Please do not interpret these comments as critical of the CBA and the tremendous contribution they have made through this report. I’m just suggesting that, as a next step, we need to look beyond the borders of the justice sector. Otherwise, we are limiting our learning, our creativity and our options by perpetuating our tendency to look at problems only within the context of our own silo.

I’m a big fan of Dr. Brian Goldman, host of CBC’s radio program “White Coat Black Art”. He is systematically removing the veil of the healthcare industry in Canada by tackling topical and often controversial challenges. I am constantly amazed by how often a topic he raises can be applied to the justice system and legal profession. For example, in his podcast September 21, 2013 (1) he addresses the issue of “patient-centred care” and “patient engagement”. He says:

“Until recently, at most Canadian hospitals, few of us would pay much if any attention to what patients have to say about how we run hospitals. We often think their opinions aren’t worth getting because patients just don’t know medicine.”

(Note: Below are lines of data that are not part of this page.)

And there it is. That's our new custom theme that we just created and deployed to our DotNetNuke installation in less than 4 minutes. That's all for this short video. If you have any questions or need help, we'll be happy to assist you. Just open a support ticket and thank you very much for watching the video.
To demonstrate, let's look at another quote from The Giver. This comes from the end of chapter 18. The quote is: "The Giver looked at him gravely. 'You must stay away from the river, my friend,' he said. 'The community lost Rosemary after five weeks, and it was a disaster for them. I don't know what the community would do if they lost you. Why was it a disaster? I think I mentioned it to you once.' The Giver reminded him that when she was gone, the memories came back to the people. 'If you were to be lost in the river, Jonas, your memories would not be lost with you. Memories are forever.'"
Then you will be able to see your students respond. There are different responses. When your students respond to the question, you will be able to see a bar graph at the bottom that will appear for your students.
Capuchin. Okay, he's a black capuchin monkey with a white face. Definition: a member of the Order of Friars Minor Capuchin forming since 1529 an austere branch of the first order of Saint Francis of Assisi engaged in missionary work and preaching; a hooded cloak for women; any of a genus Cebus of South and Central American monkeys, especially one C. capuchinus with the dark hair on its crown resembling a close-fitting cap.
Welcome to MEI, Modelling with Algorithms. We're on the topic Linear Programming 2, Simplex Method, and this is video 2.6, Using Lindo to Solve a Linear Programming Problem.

Substitute “law firm” or “court system” for “hospital” and “law” for “medicine” and I think you will get my point. He describes innovative hospital programs (often labelled “disruptive innovation”) that have had some successful in changing this culture by putting patients and loved ones at the centre of care. They are encountering many barriers and struggling to overcome them. I suggest that there are many parallels here and we can learn from the experiences (positive and negative) of the healthcare field.

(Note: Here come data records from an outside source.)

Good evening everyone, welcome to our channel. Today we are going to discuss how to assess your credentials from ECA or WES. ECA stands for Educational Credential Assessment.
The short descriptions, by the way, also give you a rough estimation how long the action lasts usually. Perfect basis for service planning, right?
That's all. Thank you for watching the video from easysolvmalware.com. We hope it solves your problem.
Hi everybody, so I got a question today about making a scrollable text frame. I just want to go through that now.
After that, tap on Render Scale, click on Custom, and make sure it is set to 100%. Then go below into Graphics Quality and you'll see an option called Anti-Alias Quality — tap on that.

Our work in pursuing a Social Lab approach to address the need for meaningful systemic change for families in transition through separation and divorce in BC has highlighted the need to recognize that this system lives within a larger social system that involves multiple disciplines. We will benefit by reaching out to those who come from different contexts but experience similar challenges.

It is good that we are looking to the future. Let’s take an even broader look as we move forward.



  1. Thanks for this, Kari. Perhaps because I often find myself waiting for hours on end to be treated in a walk-in clinic or a hospital emergency room for yet another sports injury, and because I have had little success finding and keeping a family doctor, I’ve often thought of the frustrating parallels between accessing our justice system and accessing our health care system as an average citizen.

    In my opinion, both systems need to be reconfigured in a major way to put the litigant/patient/user at the centre of service or care as you identified. To be meaningful and effective, I think any reconfiguration must involve a significant amount of disruption for practitioners– legal or medical. I say that as a rather contented legal practitioner myself. But I think there is too little public accountability from us/them at the moment, and if we are to have accessible and affordable systems for achieving equal justice and health care, the public must soon demand it.

  2. I wish.See no evidence in Canada. Thanks for the read.

  3. Thanks, Kari,

    (Disclosure: I am the Chair of the CBA Legal Futures Initiative which issued the reports you mention).

    As part of our work, we looked at how client expectations are changing and noted in our research that their experience with other services providers is, not surprisingly perhaps, influencing what they expect from the legal profession. That then takes us right to your point: “what can we learn from other professions?” We reached out to a number of other professional associations to solicit input. I wish more had responded. As we look for inspiration, I think we should all continue to reach out like that and to consider our own experiences with other service providers. When I present our recommendations to lawyers I often use examples of how other professionals work to illustrate in concrete terms what is shaping client expectations. There are many things that make lawyers different from other professionals, but that should not stop us from learning from others about how we might better serve our clients.